High Resolution LAsMA $^{12}$CO and $^{13}$CO Observation of the G305 Giant Molecular Cloud Complex : I. Feedback on the Molecular Gas

TL;DR

This study uses high-resolution CO observations to analyze how stellar feedback influences the excitation, density, and dynamics of the molecular gas in the G305 star-forming complex, revealing significant feedback effects.

Contribution

It provides detailed observational evidence of feedback effects on molecular gas excitation and dynamics in G305, combining multi-line CO data with infrared imaging.

Findings

Excitation temperature and CO ratio increase at dense gas edges facing hot stars.
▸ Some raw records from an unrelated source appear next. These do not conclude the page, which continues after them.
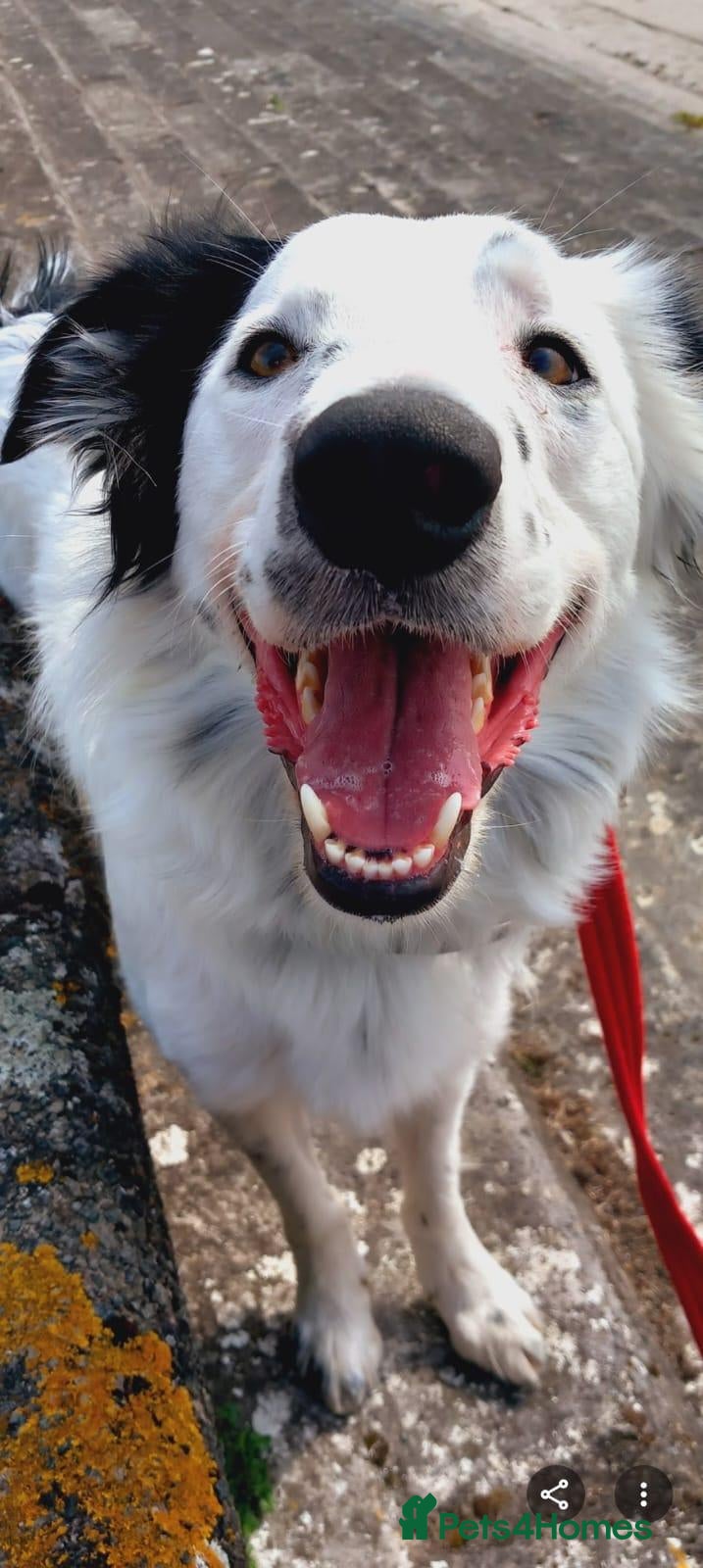 Border Collie dogs 3 year old rescue male border collie - Advert 5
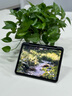 图拉斯【全新升级丨销额第一】2025iPadPro新款Mini7钢化膜 Air7第11代/10/6平板保护AR高清抗蓝光抗指纹 【iPad Pro】12.9英寸 【顶配升级版】 实拍图
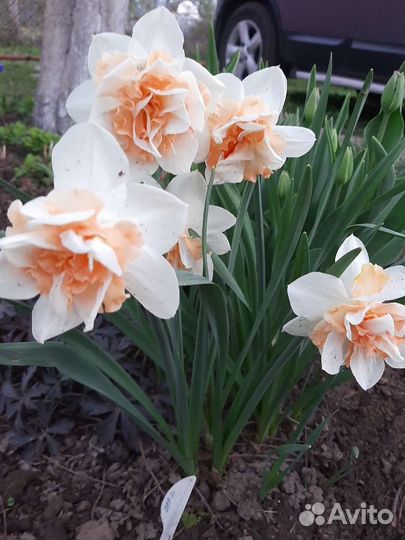 Луковицы нарциссов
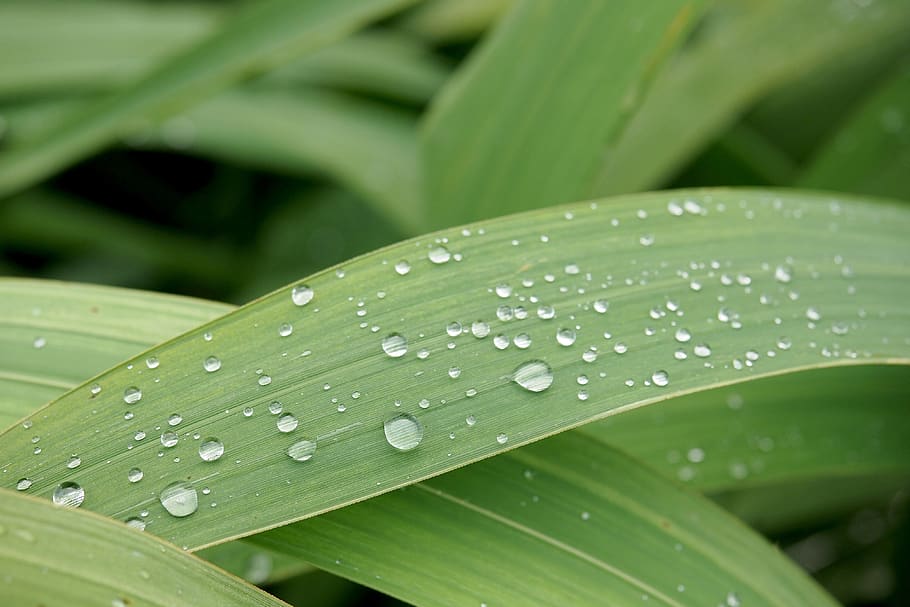 macro, water drops, reed, leaf, wet, plant part, green color HD wallpaper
Higher 8μm flux regions show elevated excitation and density.

Feedback induces turbulence, evidenced by velocity distribution wings.

Abstract

We observed the G305 star forming complex in the $J=3\text{-}2$ lines of $^{12}$CO and $^{13}$CO to investigate how molecular gas surrounding the central stellar clusters is being impacted by feedback. The APEX telescope's LAsMA multi-beam receiver was used to observe the region. Excitation temperatures and column density maps were produced. Combining our data with data from the SEDIGISM survey resulted in a $^{13}$CO $J=3\text{-}2/2\text{-}1$ excitation map. To verify whether feedback from stellar clusters is responsible for exciting the gas, the distribution of CO excitation was compared with that of 8$\,\mu\rm{m}$ emission imaged with Spitzer, which is dominated by UV-excited emission from PAHs. Line centroid velocities, as well as stacked line profiles were examined to investigate the effect of feedback on the gas dynamics. Line profiles along radially outward directions demonstrate that the excitation temperature and $^{13}$CO $J=3\text{-}2/2\text{-}1$ ratio increase steeply by factors of $\sim\,2-3$ at the edge of the denser gas traced by $^{13}$CO that faces the hot stars at the center of the complex and steadily decreases away from it. Column density also increases at the leading edge, but does not always decrease steadily outward. Regions with higher 8$\,\mu\rm{m}$ flux have higher median excitation temperatures, column densities and $^{13}$CO $J=3\text{-}2/2\text{-}1$ ratio. The centroid velocity probability distribution function of the region shows exponential wings, indicative of turbulence driven by strong stellar winds. Stacked spectra in regions with stronger feedback have higher skewness and narrower peaks with pronounced wings compared to regions with weaker feedback. Feedback from the stellar cluster in G305 has demonstrable effects on the excitation as well as on the dynamics of the giant molecular cloud.